J'en viens aux mesures concernant les TPE. En clarifiant les conditions de licenciement, nous fixons un cadre permettant aux TPE et aux PME de traduire tel nombre de trimestres de baisse d'activité en motif de licenciement économique. Avec les cellules d'information chargées des TPE et des PME, créées par l'article 28, nous avons souhaité doter l'administration du travail des capacités nécessaires pour répondre à toute question relative au code du travail. Sans doute faut-il améliorer le dispositif en lien avec ce que préconisent les chambres de commerce et d'industrie et certaines organisations patronales, étant entendu que l'objectif est de répondre rapidement aux questions concernant le code du travail.

Les accords-type de branche sont tout aussi essentiels. On peut ainsi imaginer un accord national fixant une fourchette de jours travaillés dans le cadre d'un forfait-jours ; reste à l'entreprise à décider du nombre précis de jours dans les limites ainsi établies.

Comme vous le savez, nous avons écarté le plafonnement des indemnités prud'homales au profit d'un barème indicatif, déjà prévu dans la loi sur la croissance, l'activité et l'égalité des chances économiques, qui sera fixé dans les prochains mois afin de répondre à un besoin de prévisibilité. Il permettra de favoriser la conciliation, qui est tout aussi nécessaire pour les salariés que pour les chefs d'entreprise, en clarifiant des procédures qui pouvaient être longues et incertaines.

En clair, la loi favorisera la négociation et la souplesse au sein des petites entreprises. Je rappelle que des organisations professionnelles telles que l'UPA demandent à juste titre la réaffirmation des accords de branche, qu'il est donc important de prévoir afin qu'ils soient déclinés par les salariés eux-mêmes.

Si nous avons soutenu le mandatement en dépit des difficultés, Monsieur le rapporteur, voire de l'incompatibilité culturelle qu'il suscite parfois en France, c'est parce que nous favorisons le compromis. Or, pour aboutir au compromis, chacun doit faire un pas vers l'autre. Certaines entreprises et organisations patronales se saisissent du mandatement. Il va de soi que la relation entre un employeur et un salarié est déséquilibrée, et le soutien d'une organisation syndicale constitue une forme de protection. C'est pourquoi nous privilégions le mandatement.

Avec ce projet de loi, nous avons refusé le modèle anglo-saxon du contrat de travail unilatéral, les contrats à zéro heure ou encore les mini-jobs à l'allemande ; au contraire, nous avons choisi une nouvelle forme de régulation sociale à laquelle je crois profondément. Le dialogue social en France est très formalisé, mais n'aboutit guère sur les enjeux essentiels.

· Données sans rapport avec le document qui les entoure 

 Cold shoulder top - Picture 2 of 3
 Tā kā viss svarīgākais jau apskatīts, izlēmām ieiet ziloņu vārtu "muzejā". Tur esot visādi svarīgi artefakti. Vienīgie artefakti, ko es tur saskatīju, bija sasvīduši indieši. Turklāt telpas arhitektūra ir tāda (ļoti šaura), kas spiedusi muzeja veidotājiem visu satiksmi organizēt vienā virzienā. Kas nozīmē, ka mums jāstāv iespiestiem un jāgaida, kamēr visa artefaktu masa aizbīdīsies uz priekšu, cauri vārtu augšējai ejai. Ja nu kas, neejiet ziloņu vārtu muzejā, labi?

D'autre part, les entreprises de moins de cinquante salariés auront la possibilité de moduler le temps de travail jusqu'à neuf semaines.

Le projet de loi, Monsieur André Chassaigne, ne facilite en rien le licenciement économique en créant de nouveaux motifs ; il ne fait que l'encadrer. Il est important de se placer du point de vue du salarié. Les données de Pôle emploi montrent qu'il se produit aujourd'hui des dévoiements de procédure, alors que le licenciement économique devrait s'imposer. De même, il est faux de prétendre que ce projet de loi permettra aux employeurs de demander des référendums d'entreprise : la consultation des salariés relève des organisations syndicales qui représentent plus de 30 % des salariés.